Apple is the most recognisable fruit crop of Himachal Pradesh. Apple plantation constitutes about 48 per cent of total area under fruit crops. In recent years, mango has emerged as an important fruit crop. Litchi is gaining ground in certain parts of the state. Mango and Litchi are fetching better market prices. In the mid hill zone, the agro climatic conditions are optimal for successful cultivation of fruits like kiwi, olive, pecan nuts and Strawberry. Elaborate arrangements are made for making available the packing material to fruit growers for quality packaging.

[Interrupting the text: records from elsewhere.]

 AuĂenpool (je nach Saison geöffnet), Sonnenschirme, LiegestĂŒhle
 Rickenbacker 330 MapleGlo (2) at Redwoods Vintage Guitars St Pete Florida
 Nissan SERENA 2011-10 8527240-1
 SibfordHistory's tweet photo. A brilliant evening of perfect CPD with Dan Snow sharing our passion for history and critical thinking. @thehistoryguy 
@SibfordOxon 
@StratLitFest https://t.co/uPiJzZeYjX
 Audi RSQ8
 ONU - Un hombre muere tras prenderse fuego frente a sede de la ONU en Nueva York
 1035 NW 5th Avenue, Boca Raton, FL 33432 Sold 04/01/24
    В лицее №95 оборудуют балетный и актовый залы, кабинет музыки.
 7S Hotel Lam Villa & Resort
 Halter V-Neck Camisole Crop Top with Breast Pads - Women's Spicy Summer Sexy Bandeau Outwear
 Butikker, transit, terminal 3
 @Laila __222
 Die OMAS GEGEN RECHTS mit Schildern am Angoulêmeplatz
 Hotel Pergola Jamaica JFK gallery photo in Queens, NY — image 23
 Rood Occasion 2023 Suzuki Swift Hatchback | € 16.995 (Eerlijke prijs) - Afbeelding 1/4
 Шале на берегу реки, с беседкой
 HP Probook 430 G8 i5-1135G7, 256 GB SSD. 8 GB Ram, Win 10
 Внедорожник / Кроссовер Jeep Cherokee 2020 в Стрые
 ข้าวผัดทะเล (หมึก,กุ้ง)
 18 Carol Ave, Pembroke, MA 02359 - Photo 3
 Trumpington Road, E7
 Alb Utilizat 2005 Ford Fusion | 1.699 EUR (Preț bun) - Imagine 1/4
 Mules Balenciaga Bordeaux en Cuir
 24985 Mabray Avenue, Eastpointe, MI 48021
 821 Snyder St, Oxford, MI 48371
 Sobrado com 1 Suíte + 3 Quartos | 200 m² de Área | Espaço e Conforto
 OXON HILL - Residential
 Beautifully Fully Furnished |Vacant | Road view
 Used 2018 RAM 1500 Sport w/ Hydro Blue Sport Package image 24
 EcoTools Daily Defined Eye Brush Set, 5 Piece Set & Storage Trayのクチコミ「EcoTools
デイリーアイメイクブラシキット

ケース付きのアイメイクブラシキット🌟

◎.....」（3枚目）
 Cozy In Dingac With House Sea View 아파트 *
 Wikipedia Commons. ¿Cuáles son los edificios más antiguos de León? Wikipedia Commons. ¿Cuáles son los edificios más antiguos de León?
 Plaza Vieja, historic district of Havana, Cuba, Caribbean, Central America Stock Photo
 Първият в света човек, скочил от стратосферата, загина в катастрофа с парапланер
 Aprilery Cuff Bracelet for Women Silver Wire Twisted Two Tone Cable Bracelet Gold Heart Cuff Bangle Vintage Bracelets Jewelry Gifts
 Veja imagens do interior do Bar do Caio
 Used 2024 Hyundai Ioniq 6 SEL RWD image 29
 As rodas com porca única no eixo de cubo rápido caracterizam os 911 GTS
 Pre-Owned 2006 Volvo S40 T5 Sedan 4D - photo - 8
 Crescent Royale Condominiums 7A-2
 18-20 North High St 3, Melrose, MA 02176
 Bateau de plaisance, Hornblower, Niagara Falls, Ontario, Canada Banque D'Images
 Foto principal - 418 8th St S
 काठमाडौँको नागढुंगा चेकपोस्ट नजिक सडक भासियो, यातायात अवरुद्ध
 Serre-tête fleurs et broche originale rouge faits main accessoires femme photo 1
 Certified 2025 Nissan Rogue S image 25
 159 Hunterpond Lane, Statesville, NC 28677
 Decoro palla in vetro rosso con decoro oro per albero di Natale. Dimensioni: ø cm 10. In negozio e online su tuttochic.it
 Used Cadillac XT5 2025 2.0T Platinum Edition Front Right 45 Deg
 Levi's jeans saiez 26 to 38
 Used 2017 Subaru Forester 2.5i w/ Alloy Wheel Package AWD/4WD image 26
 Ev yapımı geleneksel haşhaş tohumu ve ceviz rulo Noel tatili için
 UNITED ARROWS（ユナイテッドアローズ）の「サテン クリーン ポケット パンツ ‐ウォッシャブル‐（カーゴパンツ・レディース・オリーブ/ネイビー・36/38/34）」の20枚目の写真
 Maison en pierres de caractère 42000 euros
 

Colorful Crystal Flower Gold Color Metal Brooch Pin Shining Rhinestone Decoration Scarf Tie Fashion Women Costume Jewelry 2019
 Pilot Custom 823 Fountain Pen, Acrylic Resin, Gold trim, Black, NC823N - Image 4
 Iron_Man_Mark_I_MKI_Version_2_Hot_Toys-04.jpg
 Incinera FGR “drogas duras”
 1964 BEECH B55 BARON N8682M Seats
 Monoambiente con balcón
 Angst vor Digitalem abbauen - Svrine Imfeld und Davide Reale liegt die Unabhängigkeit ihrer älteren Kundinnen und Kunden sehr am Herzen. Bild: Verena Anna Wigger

The Himachal Government, in November 2008 started ‘Atal Bijli Bachat Yojana’ (Atal Electricity Conservation Scheme) under which a pack of four CFL bulbs, two each of 20 watts and 15 watts were distributed free to each household across 16.5 lakh households. During 2009, it was able to save 270 million units worth Rs one billion. Households experienced drastic reduction in electricity bills. The state has also imposed a voluntary green tax on all vehicle users.
I concluded my HP visit on a happy note. I found the BJP government making sincere efforts to secure life, liberty, empowerment, health and happiness for the inhabitants of the state. It is easily visible in the enlargement of employment and enhancement in the standard of living. There are many leaves one can take out of governance in Himachal Pradesh. Although temperature wise a cool state, the warmth of hospitability oozes out of it. I ended my HP tour merrily, with blessings of Devi Shyamla, after whom Shimla is named like I had entered the state by blessings of goddess Kalika.